Devo tuttavia chiarire subito alcune cose a beneficio di una consapevolezza più complessiva:
1. in merito agli orari Toremar su Rio Marina (e in generale su tutto il servizio Toremar), l’Autorità Portuale non aveva e non ha nessun potere in quanti sono stati oggetto di una gara e stabiliti nell’ambito di un contratto di servizio pubblico e imposti alla compagnia. Nel coordinare gli orari delle 4 compagnie di navigazione che nel 2012 effettueranno il servizio Elba/Piombino siamo pertanto partiti da questo punto fisso inserendo i servizi delle altre compagnie al fine di pervenire ad un assetto equilibrato e sequenziato tale da servire al meglio la copertura giornaliera (invernale) del servizio complessivo. Nel complesso la situazione é migliorata è in corso un’iniziativa per cercare di rispondere a almeno una richiesta posta dal Comune di Portoferraio.
2. Questi orari di Toremar potranno eventualmente essere in prospettiva cambiati dalla Regione che valuterà il merito delle richieste in termini di continuità territoriale e si rapporterà con l’Autorità portuale per i riflessi sul complesso dei servizi e sulla disponibilità delle infrastrutture. Devo tuttavia dare atto alla Regione di avere, preliminarmente alla pubblicazione della gara, effettuato diversi incontri senza che questi problemi fossero specificatamente segnalati.
3. Riguardo alle coincidenze navi – bus – treni, abbiamo senz’altro affrontato il problema e noi stessi abbiamo commentato che indubbiamente “il tasso delle coincidenze” era migliorato ma che il lavoro andava continuato con cambiamenti anche a carico di altri vettori. Nei tempi in cui il nostro lavoro doveva concludersi (31 dicembre) non era possibile oggettivamente fare di più. Siamo pertanto già impegnati a lavorare ancora, insieme alle altre istituzioni, ed i vettori interessati.
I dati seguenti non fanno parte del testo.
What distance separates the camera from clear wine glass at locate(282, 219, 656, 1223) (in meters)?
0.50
In quest’ambito ci faremo carico anche della biglietteria automatica installata nella stazione del porto e risulta, mai attivata dalle ferrovie.
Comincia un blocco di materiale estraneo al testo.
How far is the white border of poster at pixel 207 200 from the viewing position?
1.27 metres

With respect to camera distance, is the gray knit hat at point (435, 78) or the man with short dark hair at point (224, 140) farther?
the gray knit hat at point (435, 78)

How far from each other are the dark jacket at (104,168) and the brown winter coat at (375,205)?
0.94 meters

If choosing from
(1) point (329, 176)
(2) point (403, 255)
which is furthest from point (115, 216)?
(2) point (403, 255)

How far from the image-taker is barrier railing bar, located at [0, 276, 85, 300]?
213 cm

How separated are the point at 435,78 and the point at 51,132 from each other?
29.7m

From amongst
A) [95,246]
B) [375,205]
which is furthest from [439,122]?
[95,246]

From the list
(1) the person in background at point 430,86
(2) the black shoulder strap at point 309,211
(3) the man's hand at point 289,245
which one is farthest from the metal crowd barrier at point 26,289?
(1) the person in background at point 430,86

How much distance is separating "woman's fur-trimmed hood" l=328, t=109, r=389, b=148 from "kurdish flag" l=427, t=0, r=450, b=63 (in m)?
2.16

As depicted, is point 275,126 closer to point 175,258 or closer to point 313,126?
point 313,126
4. Inoltre, proprio il riferimento che Tu fai come “emblematico”, ossia la corsa delle 9,55 che parte da Rio Marina (ma vale anche per 9,45 da Portoferraio) e non trova coincidenza treno – bus per quasi 2 ore rende evidente che il problema non può più essere affrontato solo dal lato servizio navi.
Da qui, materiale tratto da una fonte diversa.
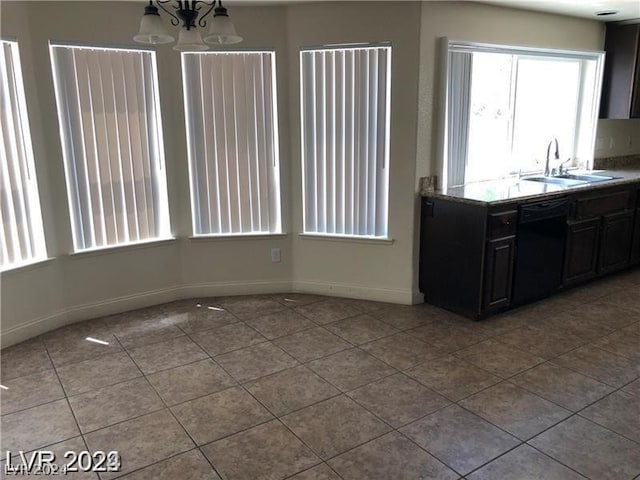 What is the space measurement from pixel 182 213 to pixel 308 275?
1.20 m

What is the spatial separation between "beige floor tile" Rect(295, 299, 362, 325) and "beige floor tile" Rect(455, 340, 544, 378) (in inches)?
38.7

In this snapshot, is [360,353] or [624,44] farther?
[624,44]

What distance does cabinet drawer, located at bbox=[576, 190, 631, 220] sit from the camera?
4.25 meters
5. Infine alcune osservazioni che possono esserti utili come dirigente politico che si pone giusti obiettivi di potenziamento del servizio. Il servizio su Rio Marina è svolto da Toremar in convenzione di servizio pubblico con la Regione e da quest’ultima sovvenzionato. Le altre compagnie svolgono un servizio in regime di mercato senza obblighi di particolare copertura del servizio o di frequenza, se non legata alla sostenibilità economica, come ha stabilito con chiarezza l’Autorità garante per la Concorrenza e il mercato. Personalmente ho ben presente queste due “questioni” e soprattutto le loro possibili implicazioni in senso positivo e negativo per la stabilità del servizio. Ti assicuro che non farò mancare il mio impegno e quello dell’ente che rappresento per difendere e migliorare il servizio.